RWD wheel spin

chunkyazian wrote:
“almost no one hammers on a brand new car during a test drive.”

I must be in the minority. If a salesman doesn’t let me open it up during a test drive, I don’t buy the car!

In the OP’s case, I suspect this has to do with most of the factors listed above - the Liberty is probably light in the back, maybe the tires aren’t that good, but it’s probably mostly got to do with the lousy throttle design - in my experience, Chrysler products are very bad for this. I rented a Neon once. In traffic, from a red light, I would squeeze the gas a bit, it wouldn’t go. Squeeze a bit more, it wouldn’t go. Squeeze a bit more, suddenly I was off like a rocket and almost into the back of the car in front. My Compass is almost as bad, but at least I’m used to it now. Granted, both examples are 4-bangers.

TAardvark…remind me not to buy a used car from you. Sounds like my neighbor’s 18 year old. Next time it ices up, go down hill skiing and don’t put other cars at risk letting off steam. And you started this discussion with comments about your sane non agressive driving…sounds like a little BS to me. ;=)

“almost no one hammers on a brand new car during a test drive.”

Not me. I like to see how well the dash holds up to the salesman’s death grip on it if they ride along :slight_smile:

@oblivion

“It’s much easier to spin the tires on a RWD car. On a FWD car, you have all the weight of the engine and transaxle over the driven wheels”

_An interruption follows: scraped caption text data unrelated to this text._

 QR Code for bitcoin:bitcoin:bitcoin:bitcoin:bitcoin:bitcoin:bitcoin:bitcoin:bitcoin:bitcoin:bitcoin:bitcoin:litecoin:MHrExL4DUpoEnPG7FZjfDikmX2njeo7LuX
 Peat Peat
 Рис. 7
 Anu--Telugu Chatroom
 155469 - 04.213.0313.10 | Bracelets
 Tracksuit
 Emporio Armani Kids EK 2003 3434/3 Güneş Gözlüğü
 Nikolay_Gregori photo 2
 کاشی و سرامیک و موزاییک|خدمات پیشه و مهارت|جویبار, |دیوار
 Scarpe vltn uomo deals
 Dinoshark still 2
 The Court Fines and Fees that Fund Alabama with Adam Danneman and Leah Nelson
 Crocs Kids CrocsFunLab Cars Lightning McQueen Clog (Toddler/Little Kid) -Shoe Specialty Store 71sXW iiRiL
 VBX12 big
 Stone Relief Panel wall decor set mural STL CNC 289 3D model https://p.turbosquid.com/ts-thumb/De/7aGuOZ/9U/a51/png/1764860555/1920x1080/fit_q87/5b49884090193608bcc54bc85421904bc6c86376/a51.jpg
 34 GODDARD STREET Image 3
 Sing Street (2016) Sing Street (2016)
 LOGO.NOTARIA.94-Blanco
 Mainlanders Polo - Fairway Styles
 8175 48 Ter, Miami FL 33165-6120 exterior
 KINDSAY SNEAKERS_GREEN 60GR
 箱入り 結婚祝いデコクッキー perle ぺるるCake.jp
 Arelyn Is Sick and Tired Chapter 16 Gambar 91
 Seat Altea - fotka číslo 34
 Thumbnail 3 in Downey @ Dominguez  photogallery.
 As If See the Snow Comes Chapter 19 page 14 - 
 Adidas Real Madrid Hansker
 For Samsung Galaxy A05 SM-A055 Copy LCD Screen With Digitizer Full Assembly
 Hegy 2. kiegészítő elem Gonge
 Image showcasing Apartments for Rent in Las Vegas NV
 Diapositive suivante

Disagree entirely, when you accelerate whilst going forward the weight of the vehicle shifts backwards, placing more weight on the rear (non driving) wheels. Makes it much easies to spin the tires in a FWD car. Dragsters are rear wheel drive for a reason you know.

But I’m not moving forward. At a stop, try to accelerate, no movement forward … just wheel spin.

I’m going to repeat my earlier recommendation: jack up the corners and check to see if you have a brake dragging.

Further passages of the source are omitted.